Graduate students spend years researching and writing about one single topic. They leave university with knowledge and information many people will never understand. And that’s a problem — a problem an unusual competition seeks to solve.
Three Minute Thesis, or 3MT, started in Australia in 2008. 3MT is now an international competition that challenges graduate students to present their lengthy, jargon-filled theses to a non-expert audience in less than three minutes.
Rachel Phinney and Marie Schwaner are graduate students at Boise State University and the University of Idaho respectively. They each won the 3MT competition at their universities last week. They joined Idaho Matters to talk more about their approach to preparing a presentation like this, and the importance of doing so for others and their careers.

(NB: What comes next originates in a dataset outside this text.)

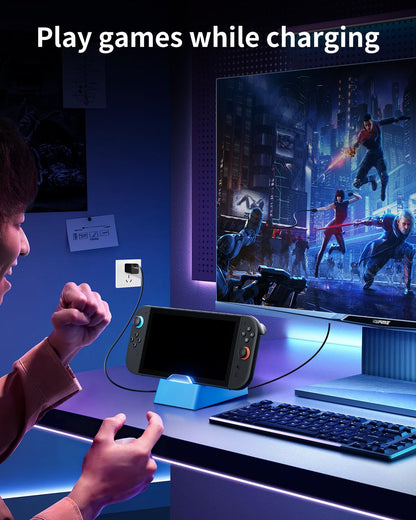 CAWOOSOO Blue TV Dock Station for Nintendo Switch 2 and 1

To Phinney, the need for learning this skill in communication is obvious. “The 3 Minute Thesis is a great way to practice that skill that will be so useful as we continue our careers,” she said.

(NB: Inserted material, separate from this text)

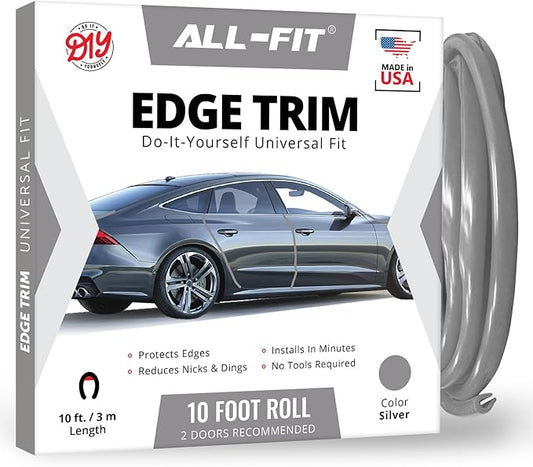 All-Fit Automotive Car Door Edge Protector – Universal DIY Edge Trim to Prevent Scratches & Dings – Flexible Adhesive Molding Trim for Cars, Trucks & SUVs (10 Ft - Silver)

Schwaner says the fun of it doesn't just come from the competition. She says she learns from other students on stage. “It’s not only the general audience that we need to be clear to,” Schwaner said. “The fact that I study biomechanics and animals makes me knowing way less about other topics. So even if another science from another field comes with all the jargon, I know [as little] as the general audience.”
On Tuesday Feb. 19, the 3MT finalists from all three of Idaho’s research institutions — University of Idaho, Idaho State University and Boise State University — will compete in the 2020 Idaho 3MT competition here in Boise.